Baseball Musings
Baseball Musings
December 05, 2006
Restrained Yankees

Brian Cashman is more interested in keeping his young talent than trading it:

Of course, Jeffrey Loria, the Marlins' owner, never will completely shut the door on potential Willis suitors. "Not if someone wants to really overwhelm us," is what he says, which, translated, means, "Who's to say if someone is willing to do something really stupid like trading three can't-miss prospects?" Not the Yankees or the Mets.

What's interesting from the Yankees' standpoint is that, for the first time in recent memory, they are actually in a position to put together that sort of package as a result of Brian Cashman's determined restocking of the once-barren farm system with blue-chip prospects such as pitchers Philip Hughes, Humberto Sanchez, Tyler Clippard, Jeff Karstens, Ian Kennedy, Joba Chamberlain, Dellin Betances and Kevin Whelan and outfielders Jose Tabata and Brett Gardner.

The George Steinbrenner of yesteryear would be telling Cashman to call Loria and make precisely that sort of overwhelming offer for Willis. But as Cashman reiterated yesterday, the Yankees are doing business in a different way now.

"We're trying to build from within to the point where we have a lot of choices so we're not forced to go into the free agent market which is typically unproductive," he said.

The scary thing for the rest of the AL is that both the Yankees and Red Sox are pursuing this tactic. The Twins and Athletics showed how you can stay in contention developing young talent. Add a ton of money to that, and you have a chance to build super teams.

Before Cashman made his deal to gain more control of the Yankees, his merits as a GM were hotly debated. I'd say so far he's used his power wisely.

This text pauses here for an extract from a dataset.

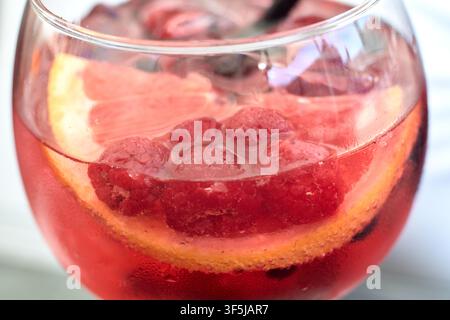 Nahaufnahme eines erfrischenden Pink-Gin-Cocktails, serviert in einem Glas mit frischen roten Himbeeren und einer Zitrusfrucht-Scheibe, die in dem Getränk schwimmt. Stockfoto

Posted by David Pinto at 09:07 AM | Management | TrackBack (0)
Comments

There ain't no such thing as can't miss.

That said: Cash is being smart. But I'd go get Zito, gambling on solid lefties with a high win pct. is worth it.

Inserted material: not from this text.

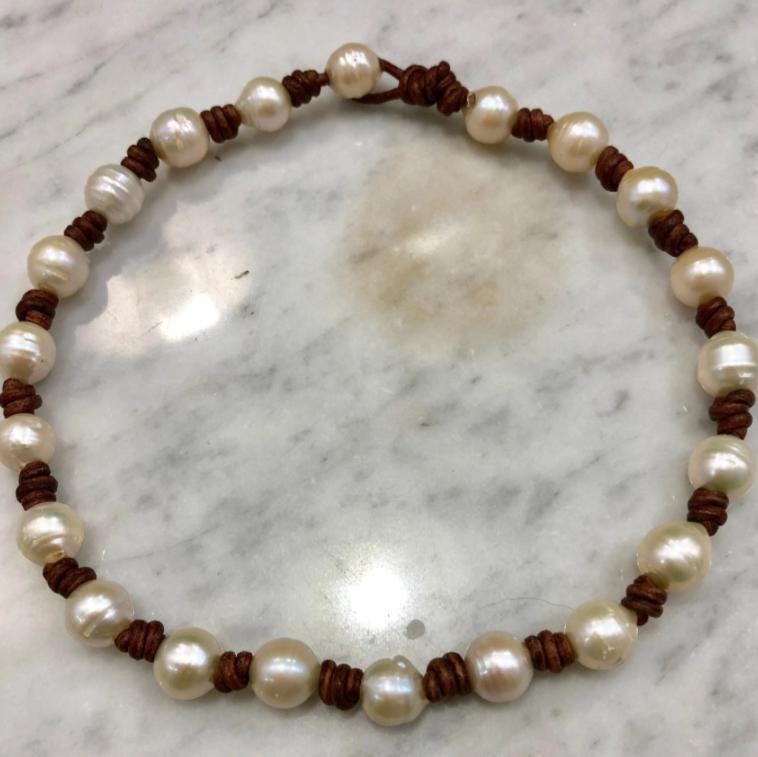 White Freshwater Pearls on Knotted Brown Leather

Posted by: Juke at December 5, 2006 10:13 AM

"But I'd go get Zito, gambling on solid lefties with a high win pct. is worth it."

No...it isn't. His FB keeps losing velocity, he walks too many guys, and Boston and Toronto both typically hit him pretty well. He belongs in the NL...and though he doesn't deserve it, he'll get a package over $90MM

Posted by: the other josh at December 5, 2006 03:15 PM

Yep, Winning Percentage is DEFINITELY the best metric for measuring how good a pitcher is...

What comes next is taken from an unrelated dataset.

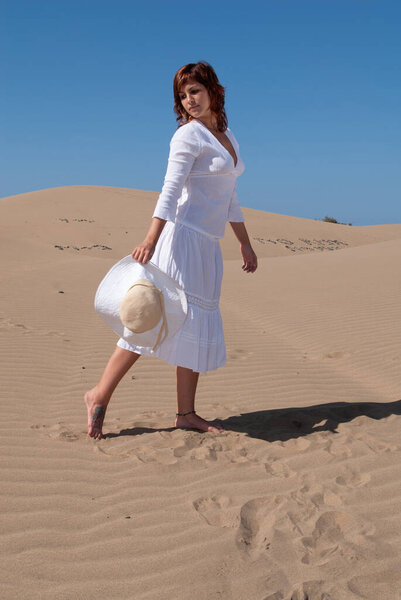 женщина, одетая в белое, наслаждается прогулкой по песчаным дюнам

Posted by: Adam B. at December 5, 2006 03:15 PM

Keeping the blue chip prospects will put more fans in the stadium than buying vetrans who turn out to be sour and can't get your team to the W.S. anyway I will pay to see Hughes pitch in Yankee Stadium not Zito.

Posted by: Tony at December 5, 2006 08:45 PM

the yankees will find a way to get your money anyway :)

I think Zito will end up with the Mets. They wont offer the longest contract but will offer the most per year.